Wow dat is veel, dat krijg ik echt niet weg hoor! Krijg soms mn ontbijt nieteens weg, meestal begin ik 's morgens met een beschuitje of sneetje brood (niet heel erg vroeg in de ochtend, daar kan ik niet tegen) 's middags 2 sneetjes brood, en 's avonds een bord groente! (Meestal  :Wink: , soms eten we 's avonds natuurlijk ook wel iets makkelijks). Fruit eten ben ik helaas heel slecht in, vind eigenlijk alleen mandarijntjes/sinaasappels lekker. 

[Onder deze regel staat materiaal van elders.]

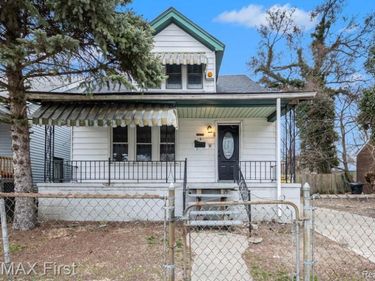 16676 Tuller Street , Detroit, MI 48221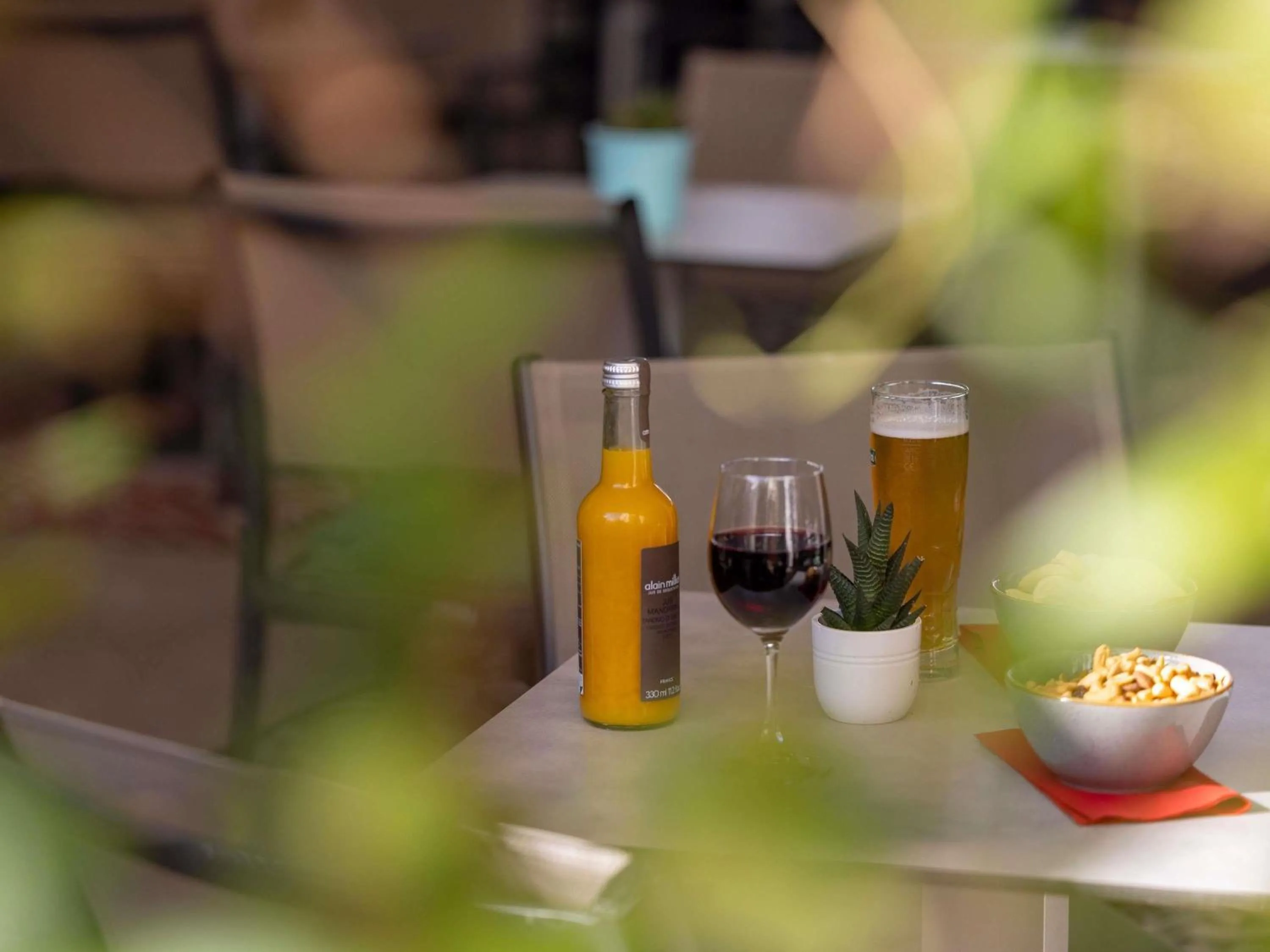 Lounge or bar in Novotel Suites Marseille Centre Euromed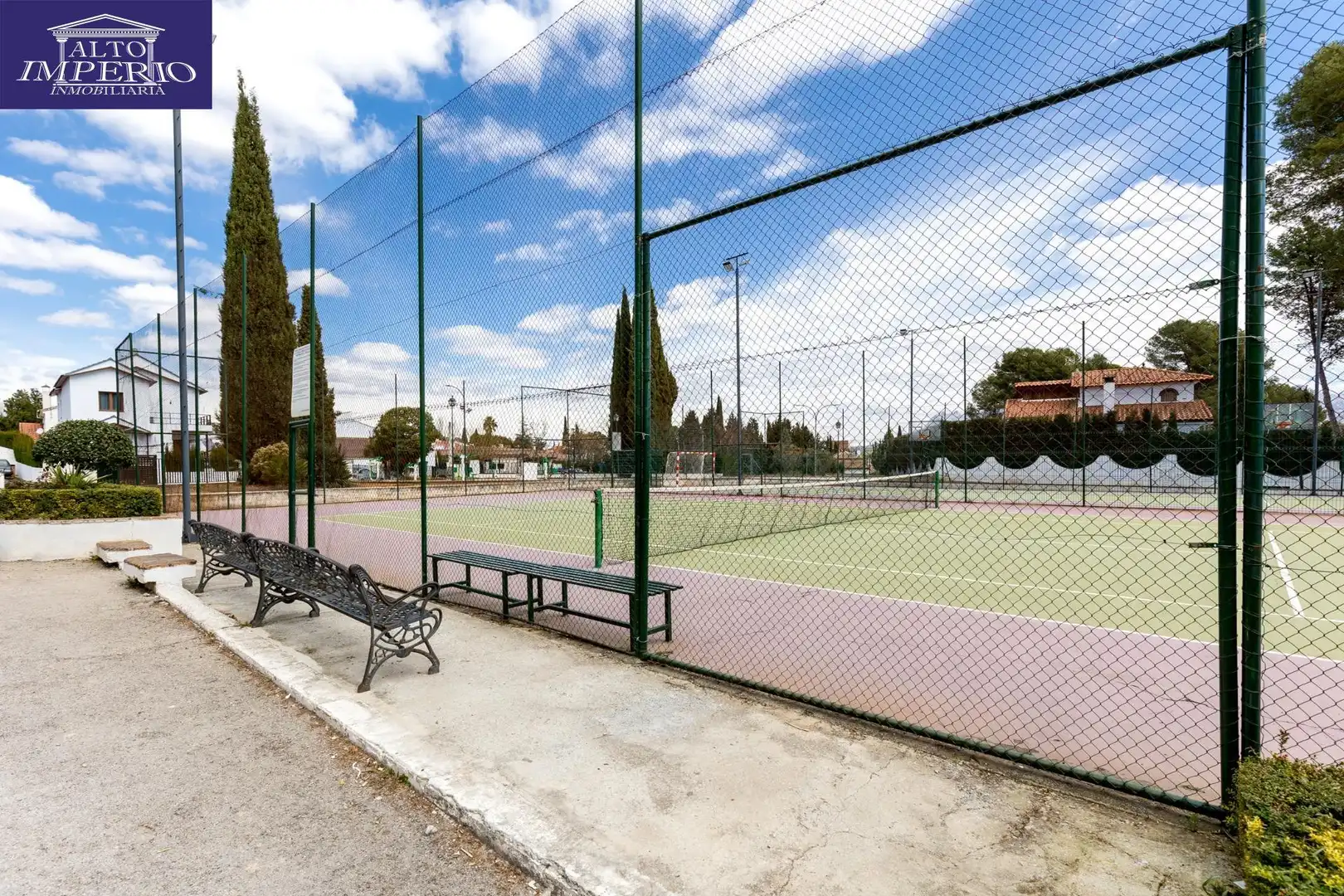 Vista exterior de Casa o xalet en venda en Albolote amb Aire condicionat, Calefacció i Jardí privat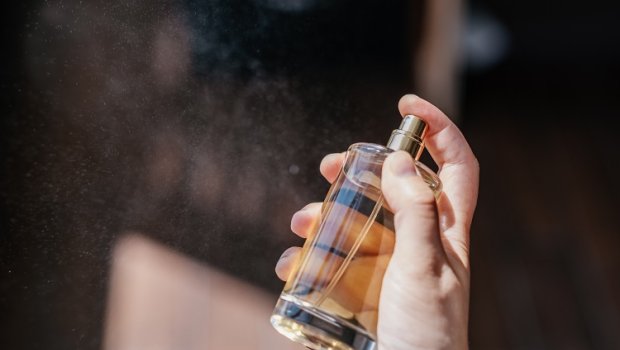 Ətir alarkən aldanmayın - Qoxunun necə dəyişdiyini izləyin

Zijn er leden met tips hoe je toch genoeg fruit binnen kan krijgen? Appels bijvoorbeeld kan ik ook niet afhappen wegens mn tanden. Heb ook al eens fruitsmoothies geprobeerd, maar vond dat maar een vies zooitje  :Stick Out Tongue:

----------


## dotito

@Syl,

Een fruitslaatje maken,of fruit op een saté stokje steken dat is ook heel smakelijk voor op te eten.

Do :Wink:

----------


## Sylvia93

Thanks voor de tips  :Smile:  ga t een keer proberen!

----------


## Elisabeth9

Hoi Do,

Goede adviezen geef je. ik houd alleen niet van fruit, bah...ha,ha,...maar ik heb nu dus een net perssinaasappelen gekocht zodat ik elke dag probeer om dat te nemen..een handje vol noten klinkt super èn lekker, ik zal het af en toe eens proberen. Water drinken doe ik graag maar het blijft in de winter 1 1/2 liter en in de zomer is 2 liter wel drinkbaar. òòk goed voor de huid èn je velletje....ik probeer weer wat beter op te letten wat ik kook, tjaaa is beter voor onze gezondheid toch? ik doe mijn best, Bedankt Do...
Toedeloe, fijne dag....
Lieve groetjes van Elisa  :Big Grin:

----------


## Luuss0404

@ Elisabeth,
Je kan fruit en groente ook combineren met iets wat je lekker vind zodat je het leert eten of in elk geval binnen krijgt  :Wink: 
Ikzelf doe wel eens fruit door yoghurt heen, heb eens perzikijs gemaakt (naja ik vind perzik dan ook wel lekker), aardbeien of druiven doop ik in chocoladefondue, groente of fruit doop ik in kaasfondue of kaas/kruidensaus dan smaakt het voor mij een stuk beter, heb ik iets leuks gemaakt en krijg ik mijn vitamientjes binnen  :Wink:

----------